IgA and IgG antibody response of adult atopic dermatitis patients against neutral/ acidic fractions of wheat, rye, barley and oats was analyzed utilizing an immunoblotting method. Moreover, the antibody response against ethanol-soluble fraction of wheat was examined with serum pools of healthy donors, atopic dermatitis patients and patients with dermatitis herpetiformis or adult celiac disease. All patient sera revealed polymorphic IgA and IgG binding to cereal peptides with molecular weights of 11-97 kD. The antibody staining was essentially identical with atopic dermatitis patients and controls. Patients with dermatitis herpetiformis or celiac disease showed more intensive staining with the ethanol extract of wheat and showed more IgA-stained bands in immunoblotting. It seems that the presence of IgA and IgG antibodies to different cereal antigens is a result of natural exposure and in atopic dermatitis displays little diagnostic significance, in contrast to antigliadin antibody response in dermatitis herpetiformis and celiac disease.

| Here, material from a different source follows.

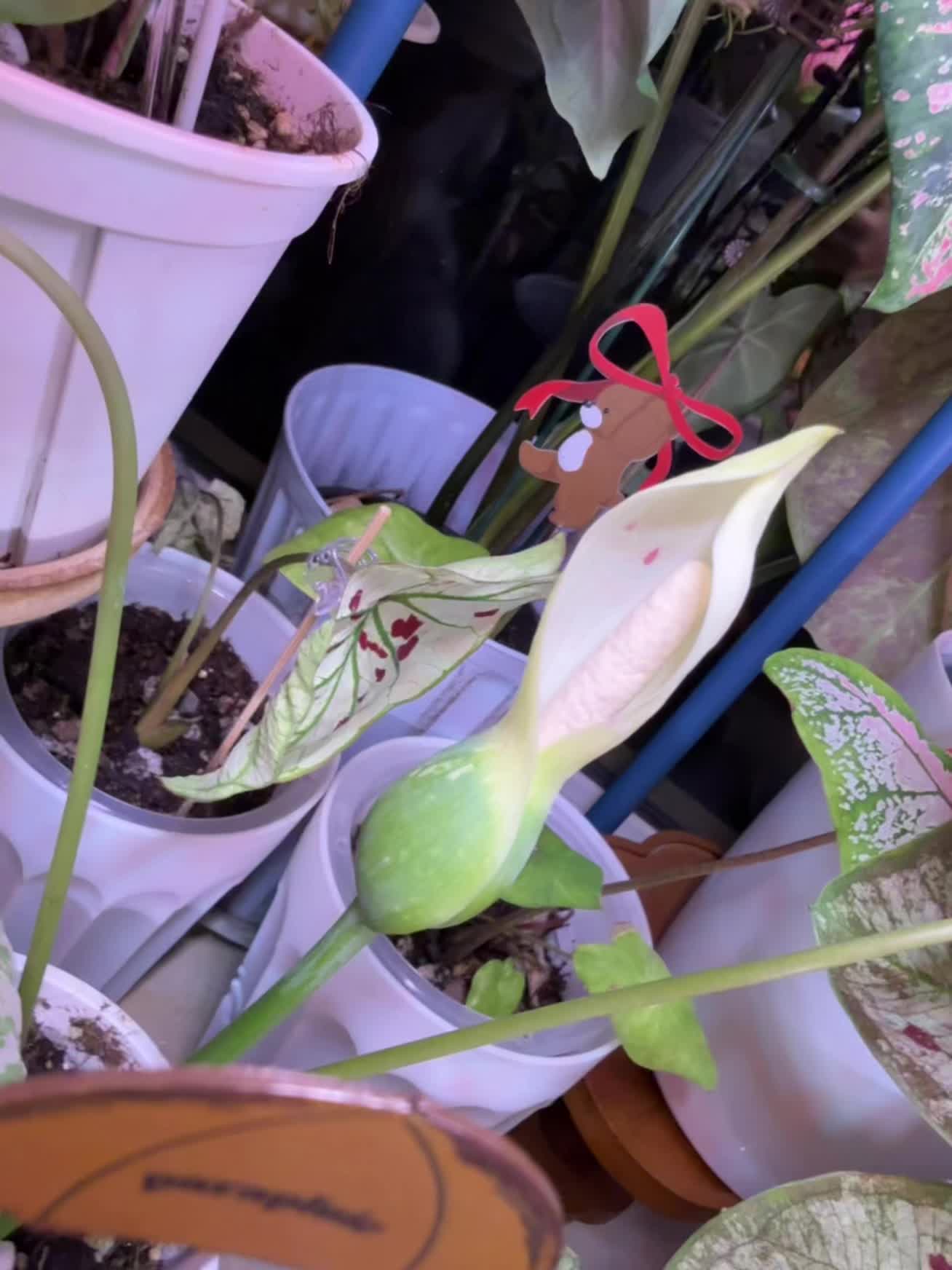 幸福就是看花开听雨落 要学会感知幸福,才能留住它吖!花败了还会有期下一波,你永远不知道哪里突然就开花了#盆栽种植 #养花经验 #养花 #园艺绿植 #彩叶芋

Wheat grain immunofluorescent antibodies as an indication of gluten sensitivity

An immunofluorescence method using whole sections of wheat grains as the substrate was applied to detect circulating antibodies to wheat gluten in dermatitis herpetiformis patients and in controls. Only IgG class antibodies were detected. From dermatitis herpetiformis patients 22% had these antibodies as had 22% of the atopic dermatitis group. Among the controls who had no skin problems 12% were faintly positive. It is evident that the test as such is non‐specific and does not have diagnostic significance in dermatitis herpetiformis.